The components of this pricing model are as follows:
- Risk-free rate (10Y U.S. Treasury): +4.30%;
- Technical expected loss (PD × LGD): +1.50%;
- Oracle manipulation risk: +0.75%;
- Governance/administrator key risk: +1.00%;
- Cascading risk of composability (similar to Kelp DAO): +1.25%;
- Regulatory asymmetry risk: +1.25%;
- Stablecoin de-pegging tail risk: +0.50%;
- Liquidity premium: +0.50%;
- Risk premium (model uncertainty): +1.50%;
The final derived reasonable yield is at least 12.55%.
Therefore, for quality DeFi stablecoin supplies on leading protocols, the reasonable interest rate should not be lower than 13%. For positions with clear insurance (such as Nexus Mutual coverage, reserves of Umbrella-type protocols), it can be lower; for long-tail protocols, new deployment markets, or exposures involving re-staking and cross-chain structure, it should be higher.
Conclusion
In conclusion, we arrive at the following points.
First, demand reasonable compensation. If you are lending USDC in DeFi at a 5% rate, you are essentially pricing in a BB-rated credit risk that is technically and in terms of composability inferior to a CCC-rated risk. The 9% to 12% yields from Morpho-type selected Vault markets are closer to the reasonable liquidation price, although they also introduce issues of manager selection and transparency.

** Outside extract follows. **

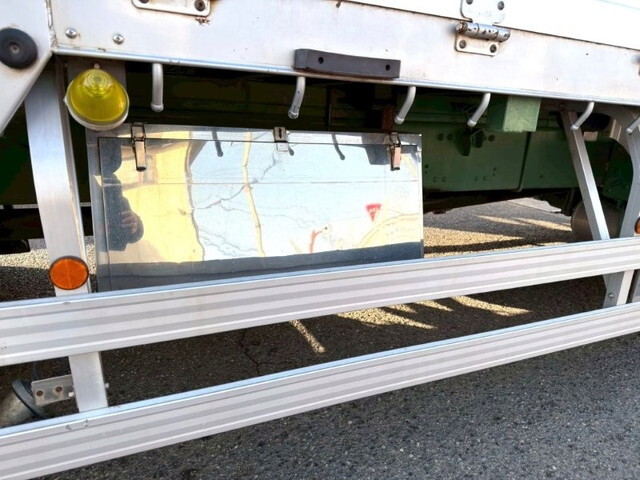 三菱ふそうスーパーグレートアルミブロック大型（10t）[写真09]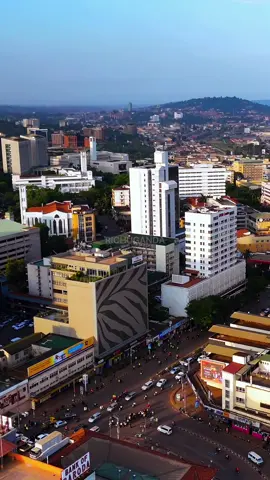 Kampala City is the capital of Uganda and is one of the fast-growing Cities in Africa whereby it has attracted quite a number of traveler tours.  Near the banks of Lake Victoria, Kampala, the capital of Uganda, is a lively city with a long history. Before the British, the city was the capital of the Buganda Kingdom, and remains so to this day. The city sits on several hills.  🎥:RICHUGANDA #richuganda🇺🇬 #kevinsb #uganda #kampala_uganda #visituganda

Second, move up the capital structure. Overcollateralized lending based on high-quality collateral (ETH, wBTC, market-validated LST) has a significantly lower risk premium under the premise of having oracle redundancy, protocol-level insurance layers, and no cross-chain exposure. If direct access is possible, this equates to "investment-grade assets" in DeFi.
Third, correctly price tail risks. The KelpDAO attack was not a black swan, but rather a foreseeable failure mode within multi-chain and re-staking structures. The Drift incident is essentially the same in nature, just involving different participants. The second quarter of 2026 has already generated $577 million in permanent losses. A DeFi investment portfolio with an aggregated return of 5.5% faces catastrophic drawdown risks that this yield cannot cover at all.
DeFi is not uninvestable, but it is mispriced at the surface level. Institutional-grade opportunities do exist, but they are only available to fund allocators who either meet this framework's risk premium or can underwrite specific protocols individually as they would do in private credit. The so-called "lazy trading" — depositing stablecoins into top currency markets and accepting their published yields — is essentially just a disguised carry trade masquerading as a risk-free rate.